From “Conspiracy Theories Fly As Europe Struggles,” Floyd Norris, NYT:
“Imagine for a moment that two decades ago, a newly unified Germany set out to take over the European Continent, as the previous unified Germany had tried and failed to do half a century earlier. This time it would use money, not guns, to accomplish the goal.
“There is, let me hasten to note, no evidence of any such conspiracy. But if there had been, things might have played out more or less as they have.

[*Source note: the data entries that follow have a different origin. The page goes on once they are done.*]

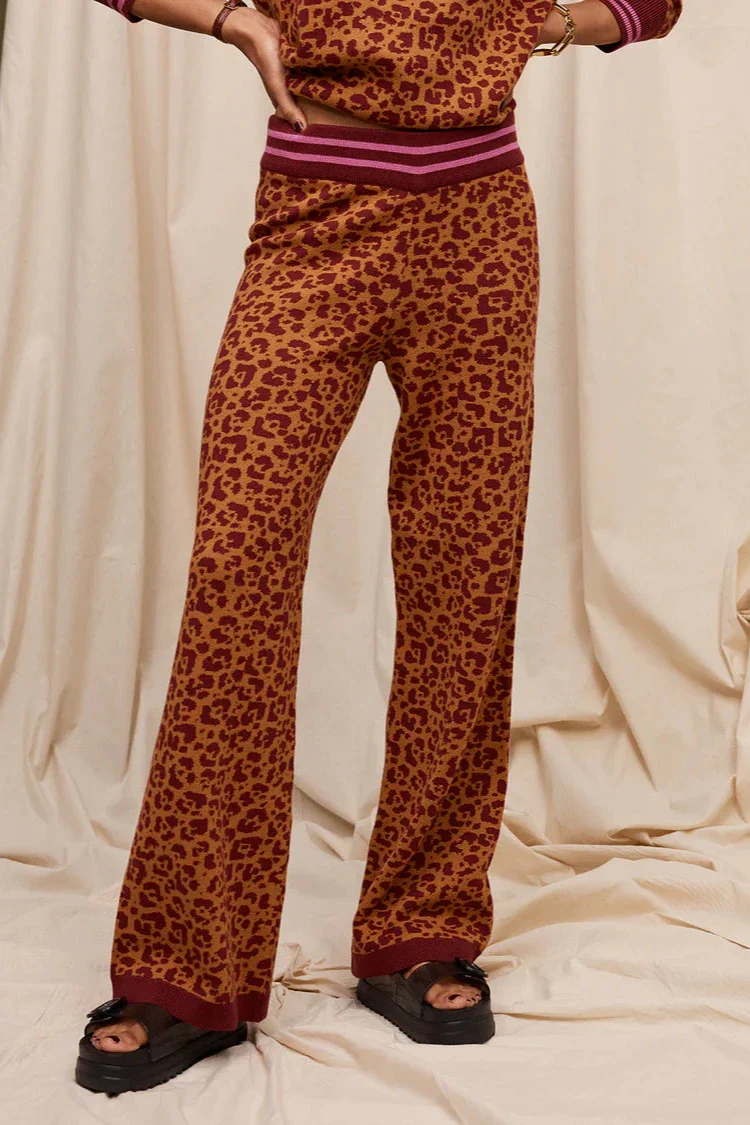 Odette Knit Pants - Image 4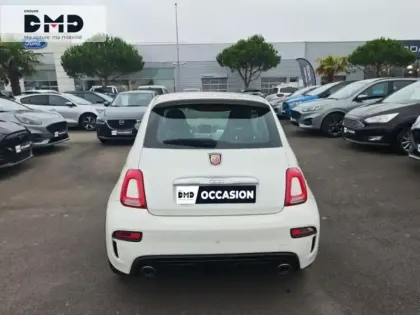 Photo 10 Abarth 500  1.4 Turbo T-Jet 145ch 595 MY19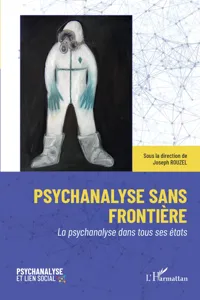 Psychanalyse sans frontière_cover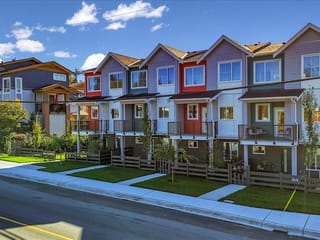 Townhouse for sale in Maple Ridge, Maple Ridge, 1 10392 240a Street, 263090664 | Realtylink.org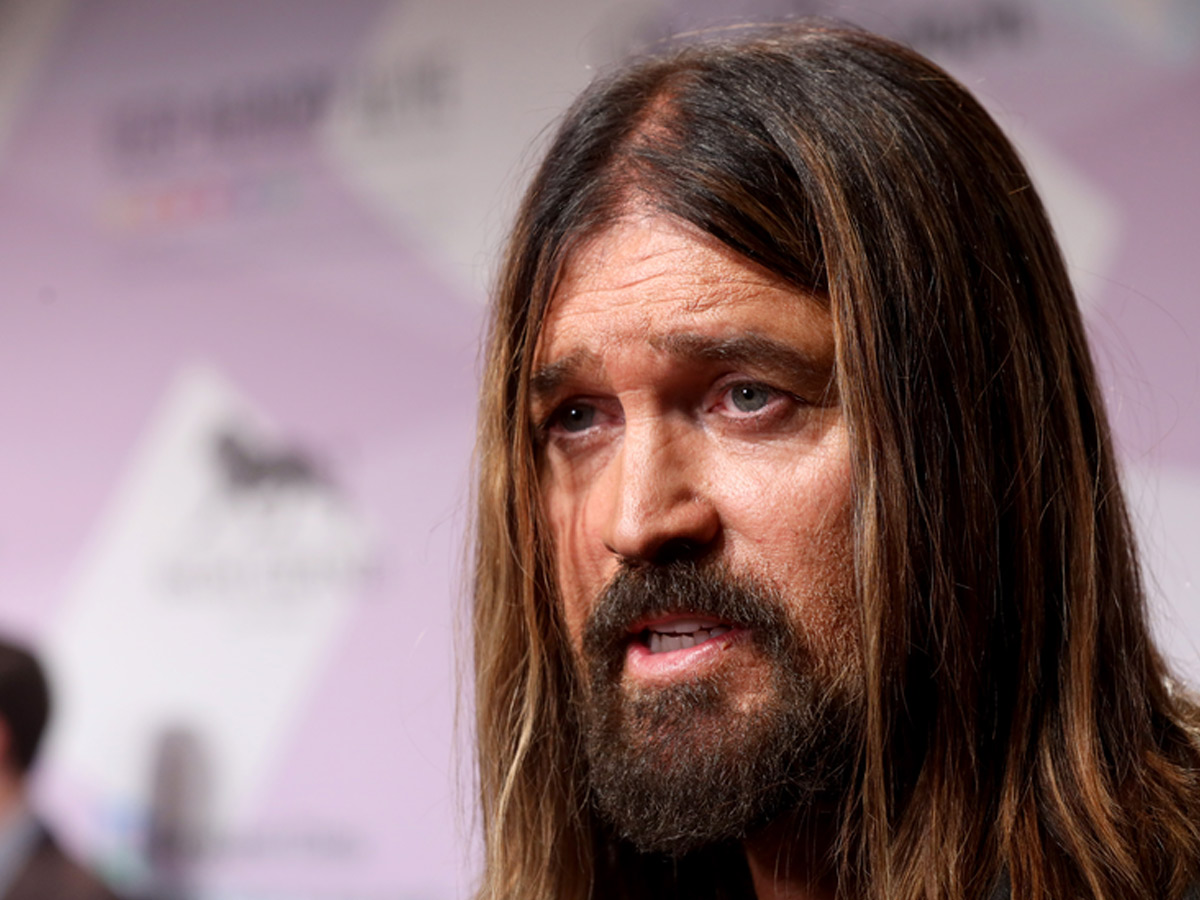 48. I Want My Mullet Back, Billy Ray Cyrus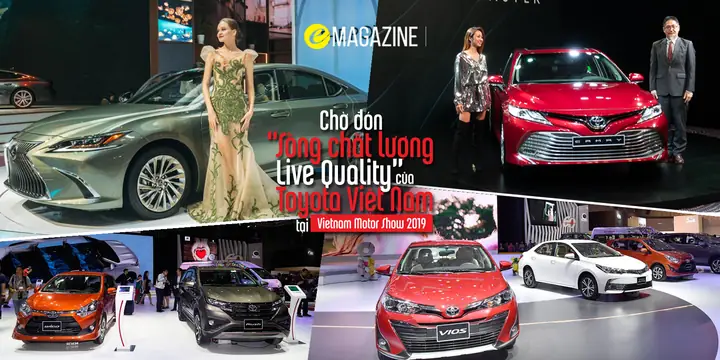Facebook Toyota Vietnam: Cánh Cửa Kết Nối Thương Hiệu Ô Tô Hàng Đầu Với Người Tiêu Dùng Việt Nam Facebook Toyota Vietnam: Cánh Cửa Kết Nối Thương Hiệu Ô Tô Hàng Đầu Với Người Tiêu Dùng Việt Nam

“Conceivably, Germany learned three things from the 1992 experience [when Germany’s raising of interest rates forced other European countries to do the same, hurting their economies], and mapped out a course with those lessons in mind. First, absent fixed exchange rates, its export-oriented companies faced the risk of periodic competitive devaluations from the rest of Europe.
“Second, a currency union could help German exports if the euro’s value were held down by less competitive economies.
“Finally, if Germany adopted a low-interest-rate policy, and superlow rates arrived in European nations accustomed to high rates, banks could open the credit spigot and create a debt-financed boom in much of Europe. That would invite a mushrooming of imbalances. Ultimately, deeply indebted countries would face a crisis, one that they could solve only if they acquiesced to German policies and surrendered a large part of national sovereignty.
“The endgame may be approaching. Troubled countries are facing an increasingly clear choice. They can stay in the euro zone, and face years of endless recession. They can abandon the euro, perhaps bringing catastrophe but giving them the freedom to devalue their new currencies. Or they can accept the German offer: Surrender sovereignty. Accept German leadership and domination of a unified Europe. Then we will bail you out.” Emphasis added.